Virtual Companions. This is a subject near and dear to my heart (see here, here, and here). Let’s go back to the example of Amazon’s Alexa (and it’s various competitors – like the Google Home or the Apple Homepod) – these digital assistants are useful, but they aren’t exactly companionable – more just disembodied and mildly robotic voices that do what you tell them (although Alexa can tell jokes, or sing songs for you if you ask it).
One of the other “rote” tasks in nursing (hate to put it that way) revolves around the insubstantial yet extremely important task of providing companionship to residents. The hug, the touch on the shoulder, the listening intently to the older adult as they tell a story – these are all vital to the health of OA but due to the abovementioned issue of staffing and sky-high demand for long-term care services, nursing staff are much less able to provide this service to their clients.
So, how about this?
Figure 3. Paro robot doing its thing. Courtesy of the Toronto Star.

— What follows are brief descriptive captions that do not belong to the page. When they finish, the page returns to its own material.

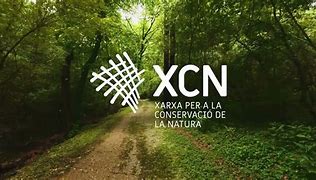 Sí, fa molt que s'alerta, però perquè aquesta DANA ara? Demà  a <a href="/Vida_Verda/">Vida Verda</a> <a href="/radio4_rne/">radio4_rne</a>  14h escolta Annelies Broekmann <a href="/CREAF_ecologia/">CREAF</a> Berta Caballero <a href="/museuciencies/">MCNB</a> Anna Surroca <a href="/XCNatura/">XCN</a>  Jaume Grau <a href="/ecologistes/">Ecologistes en Acció de Catalunya</a> <a href="/Rog_sole/">Roger Solé Guinart</a> <a href="/irenecerverab/">irene cervera buisán</a> 📻Ràdio 4 - Web oficial - RTVE Catalunya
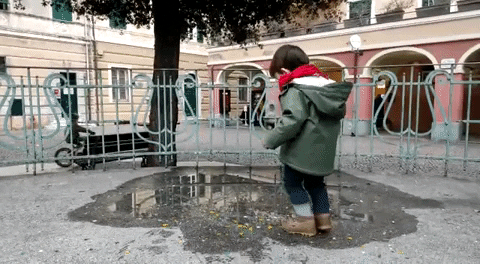 entalpia giphyupload GIF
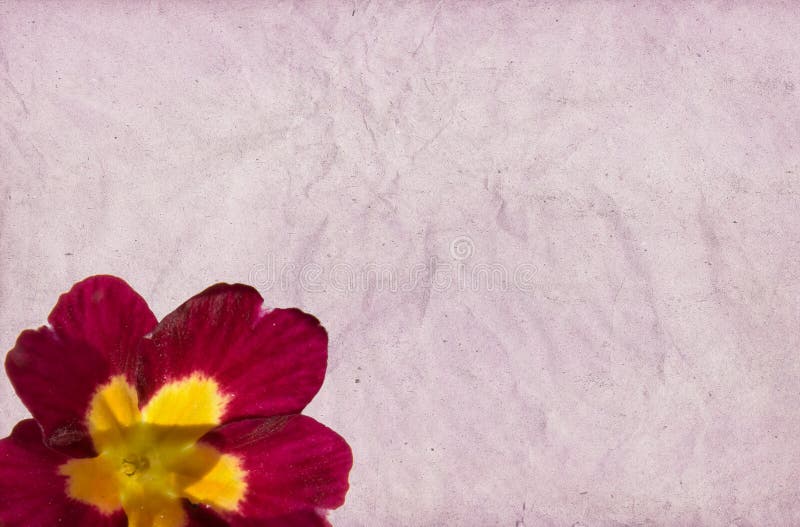 Crimson Primula royalty free stock photo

Above is the Paro robot – a robotic companion that uses its built-in machine learning algorithms to learn the name users give it, and to respond preferentially to being stroked, and to avoid being hit or dropped. Moreover, it’s adorable – and research tends to suggest that it delivers beneficial affects to the users (which includes calming dementia patients), by stimulating oxytocin production. Oxytocin, of course is the feel-good chemical that parents get when bonding to their children or when new mothers first nurse their babies.
Other Applications for AI and Machine Learning in Facility and Home Care?

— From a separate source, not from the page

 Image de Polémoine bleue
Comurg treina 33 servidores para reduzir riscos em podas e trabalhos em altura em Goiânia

This kind of technology has applications that literally are only limited by imagination and a few smart programmers. A worthy mention is the company Winterlight Labs, which has a proprietary assessment tool which claims to assess for the presence of dementia via speech-sample assessment of patients to a degree heretofore impossible using standard, human-administered cognitive tools. This kind of innovation has the potential to put geriatric neuropsychologists out of business!! (Well – maybe not quite yet).

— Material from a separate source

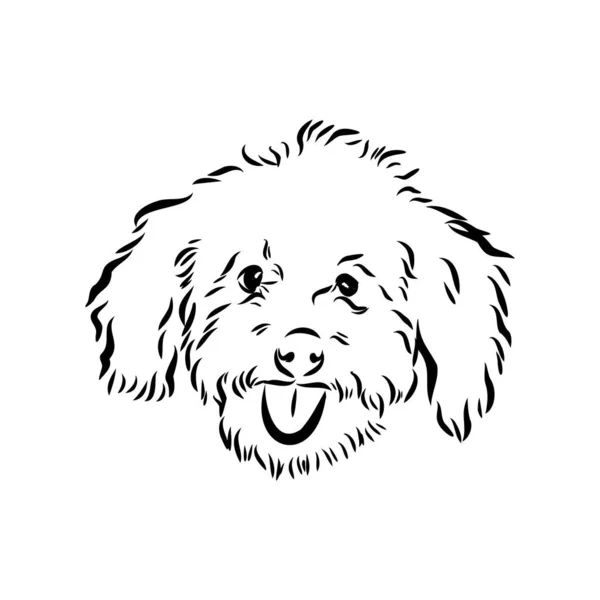 Labradoodle Mix dog - ilustración aislada vectorial sobre fondo blanco — Vector de stock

Also an honorable mention goes to CareAngel – they have a system whereby the digital assistant (like Alexa) calls OA and simply asks them how they are doing (they call these “care touches,”) and then has an actual conversation with them. For example, if the older adult says “terrible, I’m in a lot of pain,” then the system asks them additional questions (like what level their pain is, where it’s located, etc). and then depending on their answers, summons a live care provider.
The bottom line is that AI and machine learning are poised to revolutionize the care of OA both within and outside the LTC industry. This revolution will result in a lowering of costs, mostly in the form of less staff required for routine, rote monitoring and rounding of residents, but also – in the form of less costly trips to the emergency room or ICU due to real or even misclassified falls, as well as infections and injuries. It may even result in less need for humans to provide companionship to residents, as we might be able to offload some of that work to social robots and digital companions (as creepy, and potentially ethically questionable as that may be to some).
Nursing homes and OA care are going to see skyrocketing demand over the coming years. In order for our nation to not get completely swamped by the sheer weight of the cost and labor of caring for our most needy and vulnerable citizens, we’ll need to find ways to innovate our way out of this. The AI and machine learning revolution may in fact help us to do just that!